ART | CRITIQUE

Loss

PPhilippe Coubetergues
@12 Jan 2008

L’œuvre de Hans Op de Beeck est polymorphe et envoûtante, onirique et pénétrante. La galerie pour l’occasion s’est obscurcie ; l’espace d’exposition est plongé dans la pénombre, l’ambiance est religieuse, les sonorités lyriques.

La galerie Filles-du-Calvaire présente le travail de Hans Op de Beeck : une œuvre polymorphe et envoûtante, onirique et pénétrante. La galerie pour l’occasion s’est obscurcie ; l’espace d’exposition est plongé dans la pénombre, l’ambiance est religieuse, les sonorités lyriques.

Au rez-de-chaussée, l’installation intitulée Loss est composée d’un bassin aux nénuphars et d’une vidéo projetée sur le mur.

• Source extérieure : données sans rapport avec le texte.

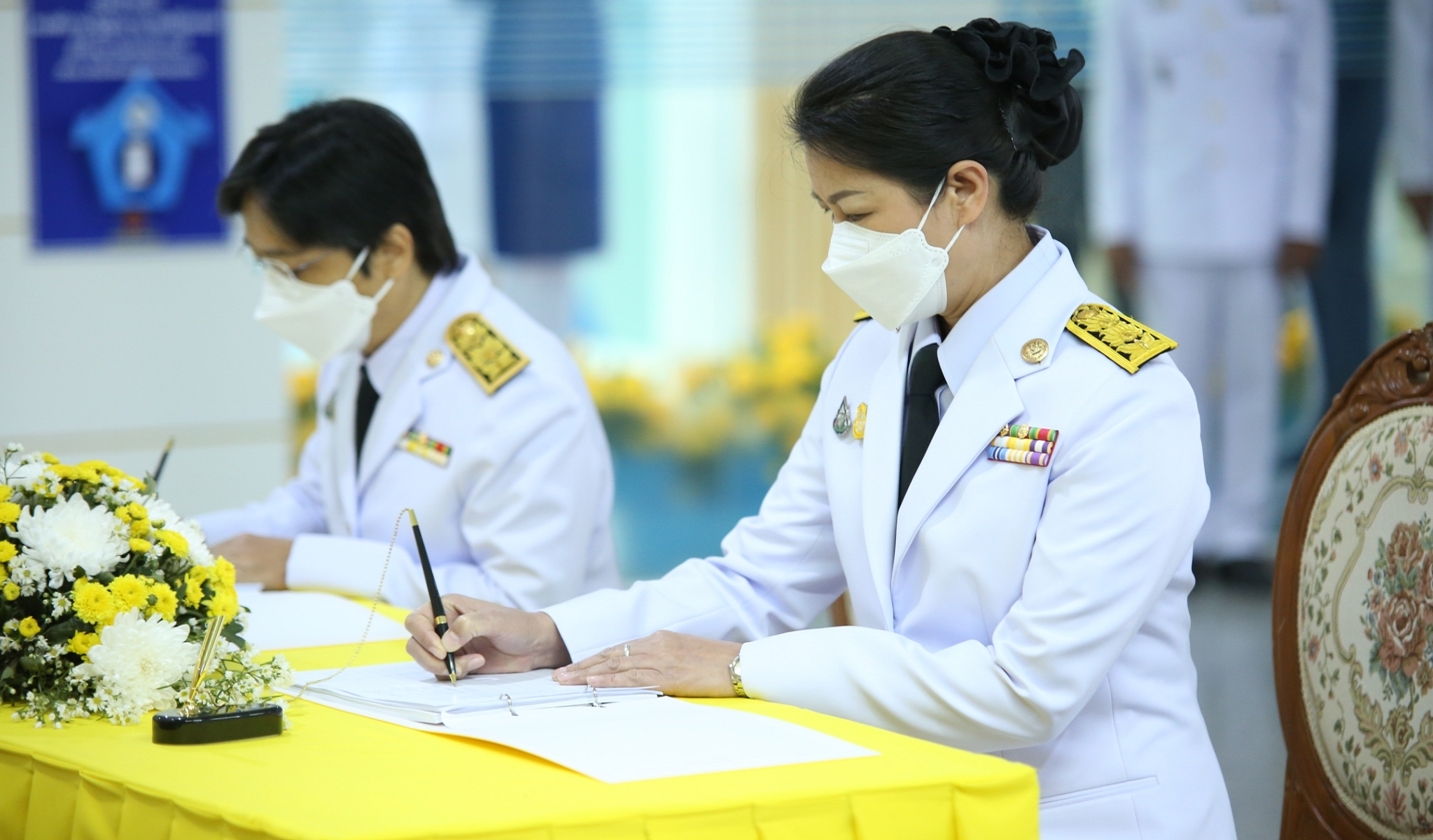จังหวัดสกลนคร : จัดพิธีลงนามถวายพระพรชัยมงคล และกิจกรรมจิตอาสาพัฒนา เนื่องในโอกาสวันฉัตรมงคล 4 พฤษภาคม 2565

Le visiteur est invité à prendre place autour de la pièce d’eau artificielle ; il se laisse bercer par le son, l’image, l’environnement. Un texte récité à haute voix alterne avec des parties chantées. L’image est en noir et blanc, les personnages en costume d’époque. Le film est en boucle, son titre finit par apparaître à l’écran : Perte. Les éléments sonores, musicaux, iconiques, textuels et matériels s’articulent peu à peu les uns aux autres.
La fiction s’établit progressivement à partir de ces éléments constitutifs : l’homme, la femme, un frère, une sœur et son amie, la disparition, la mémoire, un parc, une promenade, un bassin, la nuit. Le thème est celui de la perte de l’être aimé. Perte inconsolable, deuil impossible, souffrance éternelle, destin incertain : le registre est profondément sombre et ténébreux.

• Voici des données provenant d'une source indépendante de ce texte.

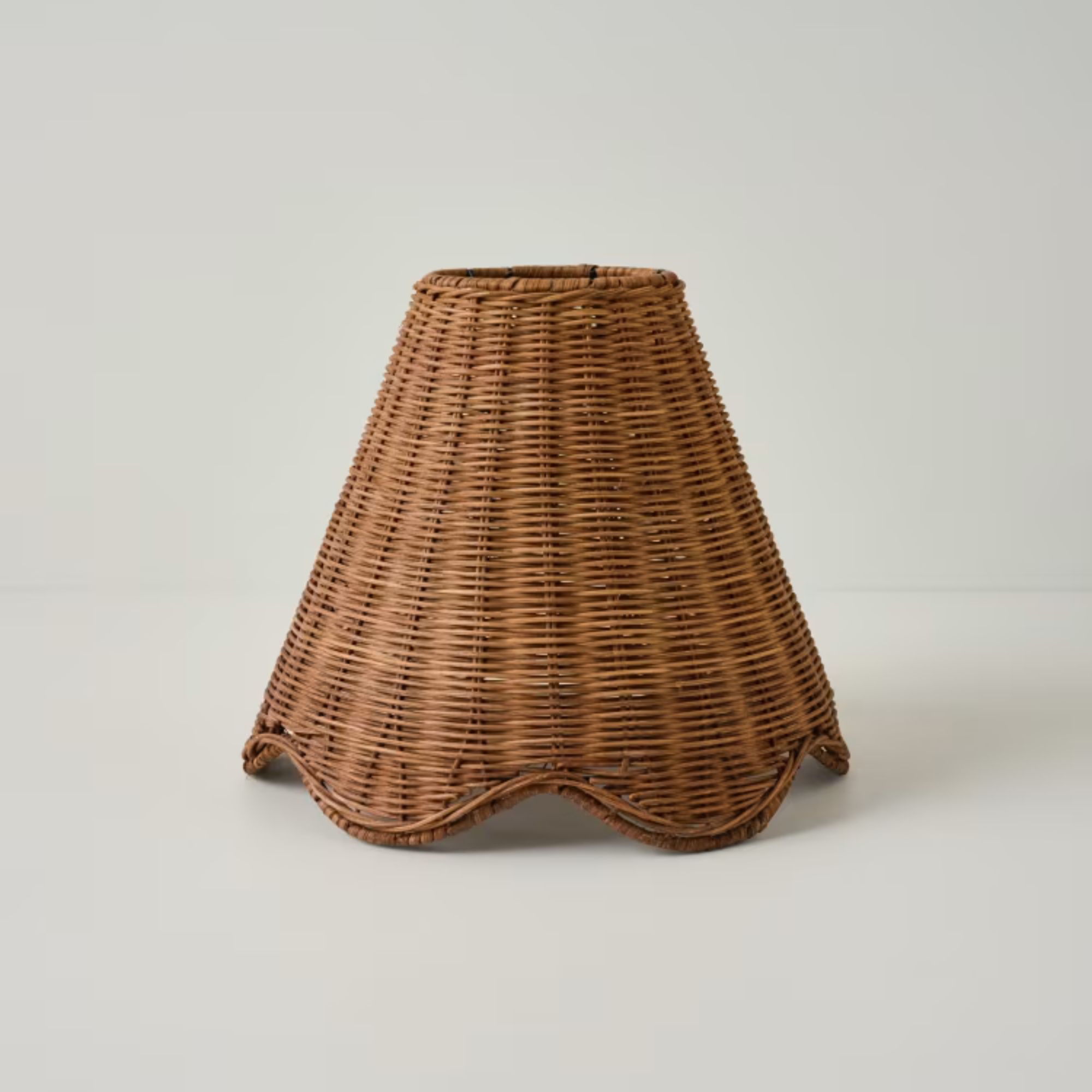 Rattan lamp shade with scalloped edge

Le propos s’affiche clairement néo-romantique, et l’inspiration globalement dix-neuvièmiste. Sans doute peut-on y voir des équivalences, exercer des rapprochements, des parentés. Le traitement graphique en clair-obscur de l’image comme des matériaux associés au caractère mélancolique du propos font de cette œuvre l’équivalent techniquement réactualisé du nocturne. Mais il s’énonce comme un remake. Le regard lui-même est nostalgique. L’œuvre s’affirme également dans la nostalgie des œuvres du passé. Le regret teinte l’approche, la démarche et par conséquent la forme de l’œuvre. Le chagrin est rejoué. Cela instaure une distance froide vis-à-vis de l’énoncé, inscrit l’ensemble dans une dimension volontairement distante, artificielle peut-être ironique.

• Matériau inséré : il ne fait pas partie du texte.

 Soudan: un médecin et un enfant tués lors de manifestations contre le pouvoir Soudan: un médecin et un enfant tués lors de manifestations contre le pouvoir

A l’étage, on retrouve des dessins cotés et, semble-t-il, préparatoires au film ainsi qu’un grand tirage photographique, une marine — pourrait-on dire ? — d’une vue panoramique de vague légèrement déferlante, visible aussi dans la vidéo. Ici encore, les référents de l’œuvre nous ramènent au XIXe siècle et à cette concurrence fructueuse — propre à cette époque — entre dessin, peinture et photographie et notamment autour du rendu réaliste de la vague. Cette problématique nous est confirmée par une œuvre plus ancienne également exposée à l’étage et intitulée My Brother’s Garden. Film d’animation réalisé à partir de très nombreux dessins qui acquièrent dans la permanente mobilité de l’image projetée une qualité étrangement vivante et réaliste.

Nous voici donc à nouveau frustrés autant que fascinés par le charme rejoué et ambivalent des images à la fois fabriquées et captées, projetées ou reconstituées pour lesquelles la galerie Filles-du-Calvaire continue d’affirmer un intérêt convaincu et impliqué.

Hans Op de Beeck :
— Circular Pond, 2004. Bois, plexiglas, caoutchouc, liant.
— Perte, 2004. Vidéo sur support DVD. 7’.
— Sans titre, série « Loss », 2004. Crayon sur papier. 73 x 110 cm.
— Gardens of Loss, 2004. Animation digitale sur support DVD.
— Loss (Seascape), 2004. Tirage jet d’encre sur toile.
— My Brother’s Gardens, 2003. Vidéo. 37’.